Os muros eram horas, e as horas
fixas e acumulada tristeza. 
O tempo de essas horas não era tempo."


Octavio Paz, Árvore Adentro, trad. Luís Alves da Costa, Lisboa: Vega, 1994, p.  64. 

Monday, December 5, 2016

AO DIVINO FERREIRA GULLAR



"A morte não tem avenidas iluminadas
não tem caixas de som atordoantes
tráfego engarrafado
            não tem praias
            não tem bundas
não tem telefonemas que não vêm nunca

         a morte
         não tem culpas
         nem remorsos
         nem perdas
                           não tem
lembranças doídas de mortos
nem festas de aniversário

                                        a morte
não tem falta de sentido
não tem vontade de morrer
não tem desejos
          aflições
          o vazio vazio da vida

a morte não tem falta de nada
não tem nada
é nada
           a paz do nada"

Ferreira Gullar, Em Alguma Parte Alguma, Lisboa: Ulisseia/Babel, 2010, p. 60. 

Sunday, December 4, 2016

VARIÁVEL



"A nossa alma é paisagem, céu e terra, mas uma paisagem variável. Ora é um píncaro desnudo, com um lobo a uivar à lua; ora é um vale sombrio, com águas estagnadas ou geladas; ora é um deserto sem oásis, como é um oásis sem deserto. O vento comeu-lhe a areia toda... Deixou-lhe uma fonte quimérica, entre quiméricas palmeiras."


Teixeira de Pascoaes, Uma Fábula (O advogado e o poeta), Porto: Brasília Editora, 1978, p. 96. 

Saturday, December 3, 2016

HORAS


"Idealizar as horas é a ambição das vítimas sacrificadas a essas deusas que bailam, em volta do sol. Se as horas doiradas e alígeras nos produzem uma espécie de embriaguez, as horas mortas de luar amortalham-nos em lívido silêncio.
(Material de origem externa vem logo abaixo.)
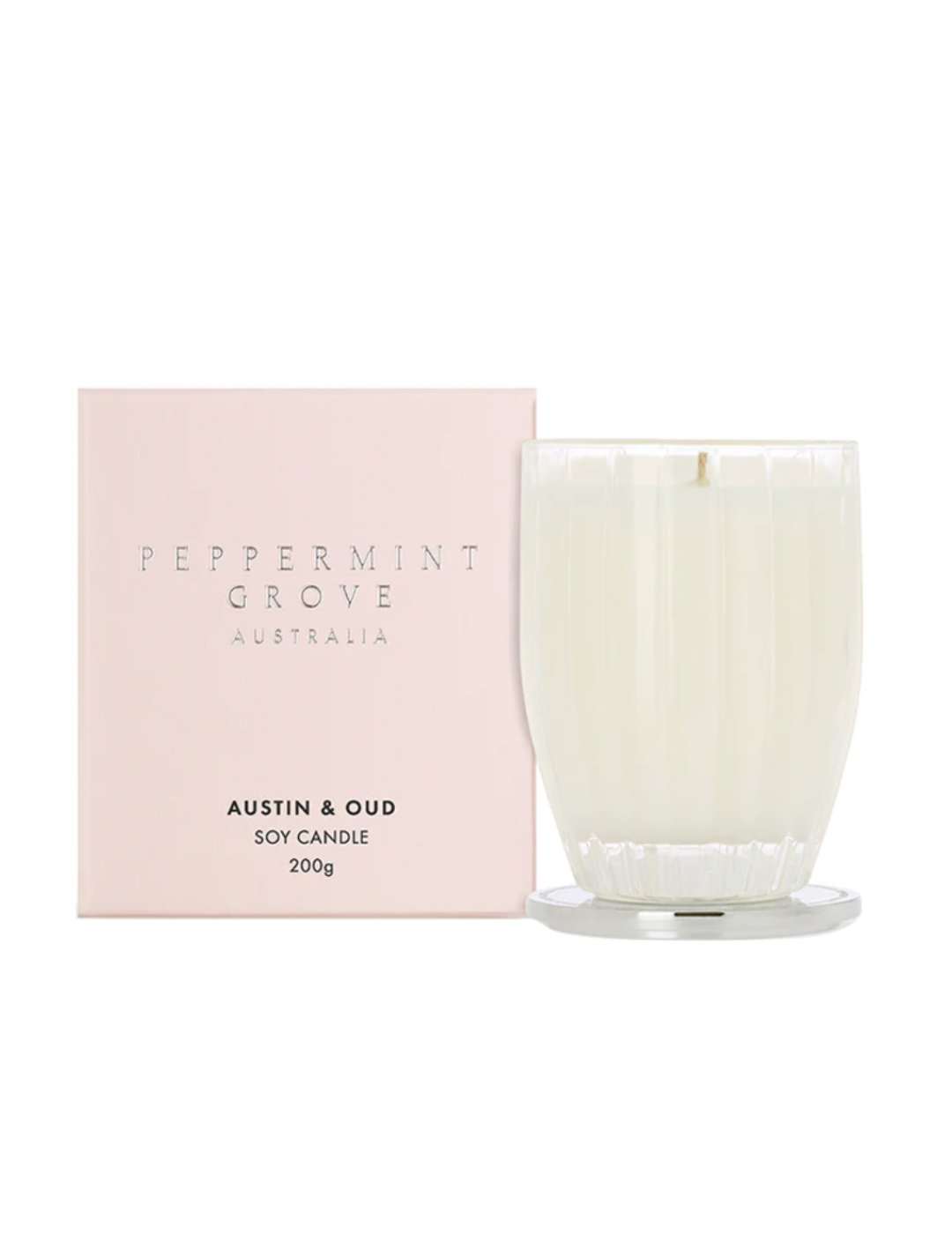 Austin & Oud Soy Candle 200g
Imitamos o nosso espectro, essa ideia imaginada, ou feita imagem que, em vida, temos nós, na morte."

Teixeira de Pascoaes, Uma Fábula (O advogado e o poeta), Porto: Brasília Editora, 1978, p. 9. 

Thursday, December 1, 2016

MÁXIMA


"Os povos felizes não têm história? Que sorte para as crianças que não têm de aprender e para os homens que não perdem tempo a esquecê-la!"

André Brun, Cada vez pior, 3ª ed., Lisboa: Casa do Livro Editora, 1941, p. 140.